Data extracted from a collection
□ □ □ □ □ □ □

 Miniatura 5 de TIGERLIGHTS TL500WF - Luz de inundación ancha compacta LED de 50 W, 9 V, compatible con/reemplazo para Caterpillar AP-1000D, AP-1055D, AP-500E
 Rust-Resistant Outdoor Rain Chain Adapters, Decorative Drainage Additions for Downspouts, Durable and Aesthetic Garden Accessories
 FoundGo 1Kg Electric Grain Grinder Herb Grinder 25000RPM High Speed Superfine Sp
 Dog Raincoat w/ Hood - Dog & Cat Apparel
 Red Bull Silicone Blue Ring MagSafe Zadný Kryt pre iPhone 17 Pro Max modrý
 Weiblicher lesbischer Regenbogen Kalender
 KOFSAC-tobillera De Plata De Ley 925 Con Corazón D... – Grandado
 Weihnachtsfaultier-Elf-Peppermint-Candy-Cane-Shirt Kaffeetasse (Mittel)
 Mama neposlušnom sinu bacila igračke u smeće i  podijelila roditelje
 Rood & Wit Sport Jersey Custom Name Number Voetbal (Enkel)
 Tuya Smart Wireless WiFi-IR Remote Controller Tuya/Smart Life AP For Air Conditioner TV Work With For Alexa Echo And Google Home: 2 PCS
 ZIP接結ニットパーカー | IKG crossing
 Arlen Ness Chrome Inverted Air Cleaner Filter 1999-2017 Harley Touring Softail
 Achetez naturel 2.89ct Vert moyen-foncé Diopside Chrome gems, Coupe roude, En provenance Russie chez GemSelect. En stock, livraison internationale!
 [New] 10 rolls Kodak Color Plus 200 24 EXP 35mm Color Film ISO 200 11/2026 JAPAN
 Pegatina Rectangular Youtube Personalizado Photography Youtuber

□ □ □ □ □ □ □

PROBLEM TO WORK ON - Take the line holding "ZIP接結ニットパーカー | IKG crossing" and all lines after it through the end of the data, and set them down exactly.

EXERCISE RESULT -
 ZIP接結ニットパーカー | IKG crossing
 Arlen Ness Chrome Inverted Air Cleaner Filter 1999-2017 Harley Touring Softail
 Achetez naturel 2.89ct Vert moyen-foncé Diopside Chrome gems, Coupe roude, En provenance Russie chez GemSelect. En stock, livraison internationale!
 [New] 10 rolls Kodak Color Plus 200 24 EXP 35mm Color Film ISO 200 11/2026 JAPAN
 Pegatina Rectangular Youtube Personalizado Photography Youtuber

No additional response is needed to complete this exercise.